Ever since it was released for the NES in America 35 years ago today, Super Mario Bros. 2 has more often than not been the butt of a joke. Videogamedunkey includes it as his game of the year in his annual best-of list as a gag. People reflexively dismiss it as an impostor in the series any time it’s brought up; the trite interjection, “Well, you know Super Mario Bros. 2 isn’t actually Super Mario Bros. 2” feels borderline Seinfeldian at this point. Unfortunately, that’s often where the discussion begins and ends. It deserves better.

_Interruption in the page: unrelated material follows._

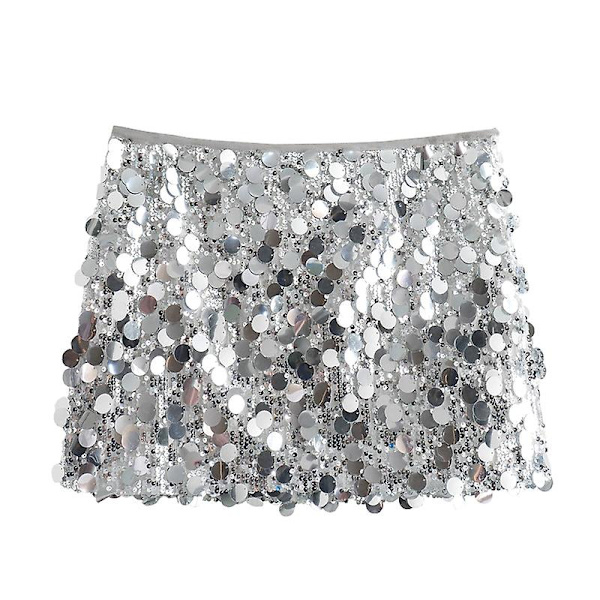 Paljetterad sexig kjol Bodycon minikjolar för kvinnor Trendig 2024 Silver XS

Those with a purist, borderline fetishistic, bent will tell you that it isn’t a Mario game at all, instead favoring the unbearably difficult, Super Mario Maker troll-level-gone-wrong Japanese version of the game (dubbed The Lost Levels in its Stateside release) as the one true Super Mario Bros. 2. The US version may technically be a re-skinned port of the game Doki Doki Panic, but it’s a significantly better game than the original 2 and helped to set a distinct tone for the franchise’s future. Its towering verticality, surprisingly complex secrets, tight controls, multiple playable characters, and clever level design put it far more in line with the spirit of what we know Mario as today.
In true Super Mario Bros. spirit, Mario 2 is rarely content to stick with one idea for too long. Presenting you with puzzle-like platforming challenges that continually push the envelope, there’s so much raw creativity on display here. It introduces idea after idea before interweaving them and pushing them in a new direction and then moving on. One level might introduce a magic flying carpet while another might completely reframe the way the picking mechanic works, letting you dig your way through a cave.
Some connections go beyond the spiritual, though. One of Super Mario Bros. 2’s trademarks is its doors, which open up to different rooms based on the level around it. Some reveal an environmental puzzle while others house power-ups or opportunities to get extra lives. The puzzles are very similar to truncated versions of Super Mario World’s Ghost House levels, which often take similar cues from their environments.
Levels also divert from Super Mario Bros.’ inflexible left-to-right pattern. Goals lie in every direction; sometimes you have to climb, dig, fly, or even pass through a number of doors before finding the boss fight at the end of a level. Playing the 2D Mario games in the order they were released further reveals Super Mario Bros. 2’s legacy. Sure, the first Super Mario Bros. is a wildly inventive display that continues to define the platforming genre to this day, but aside from the occasional Warp Zone or secret pipe or invisible block, its focus lies on platforming and platforming challenges. Mario 2, on the other hand, prods the player to explore and break the firm left-to-right rules found in the original, dangling bigger, more fleshed-out secrets.